In a 4-3 decision, the Ohio Supreme Court recently decided a case with potentially far-reaching implications for Ohio Workers’ Compensation Violation of a Specific Safety Requirement (VSSR) Law. State ex rel. Jackson Tube Serv., Inc. v. Indus. Comm., 154 Ohio St.3d 180 (2018), held that the “impossibility defense” to violation of an OSHA standard could be imported into Ohio Workers’ Compensation Law as an affirmative defense to an alleged VSSR where an employer shows: (1) it would have been impossible to comply with the specific safety requirement or that compliance would have precluded performance of the work; and (2) that no alternate means of employee protection existed
or were available.
The alleged VSSR in question involved a worker being required to work under a suspended load – in this case, the flywheel of a cutoff machine to be replaced. When the sling securing the flywheel broke, the flywheel fell on the worker breaking both of his legs. In the VSSR Hearing before the Staff Hearing Officer, Jackson Tube argued it was impossible to comply with the specific safety requirement. The injured worker testified to his understanding that an alternative means was available to perform the task without suspending the flywheel. The Staff Hearing Officer found a VSSR. Jackson Tube moved for rehearing supported by an affidavit from the machine manufacturer stating that there were no alternative means to accomplish the necessary change.
the rehearing was denied, Jackson Tube sought a writ of mandamus arguing that the Industrial Commission had abused its discretion when it had rejected the impossibility defense. The Franklin County Court of Appeals denied Jackson Tube’s requested writ. Jackson Tube then appealed to the Ohio Supreme Court. Interestingly, neither the injured worker nor the Industrial Commission filed an appellee brief opposing Jackson Tube’s appeal.

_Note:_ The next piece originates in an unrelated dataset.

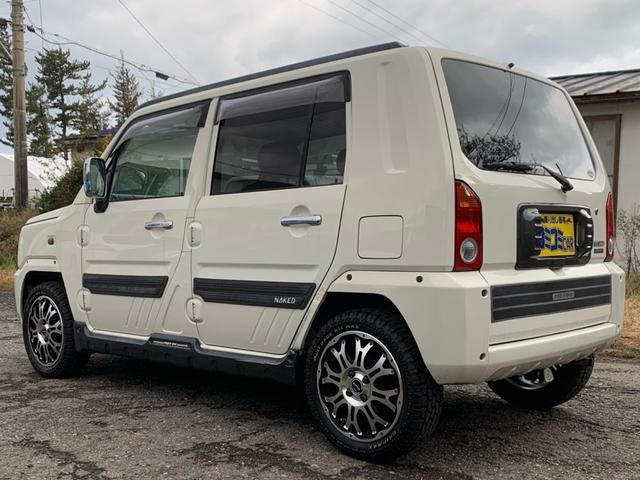 ネイキッド Ｇ　車検令和９年１１月！５速マニュアル！マジカルギア（9枚目）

The Ohio Supreme Court majority found two previous cases had attempted to borrow the impossibility defense to violation of an OSHA standard and utilize it as a defense to an alleged VSSR. The employer failed to succeed in either case because there had been “some evidence” contrary to the assertion of
impossibility. The Jackson Tube majority essentially re-weighed the evidence that had been before the Industrial Commission. It concluded that the injured worker’s supposition that alternative means were available had been mistaken. At the VSSR Hearing, Jackson Tube witnesses had testified that they were not aware of alternative means for changing the flywheel. The motion for rehearing had relied on a further affidavit from a Jackson Tube witness confirming the machine manufacturer’s conclusion that no alternative means of performance existed. The majority concluded that the Industrial Commission had abused its discretion in granting the VSSR “…because it relied on speculative testimony regarding the existence of alternative means of performance (which) proved wholly
nonexistent.” The high court ordered the Industrial Commission to vacate its previous order and to find no VSSR.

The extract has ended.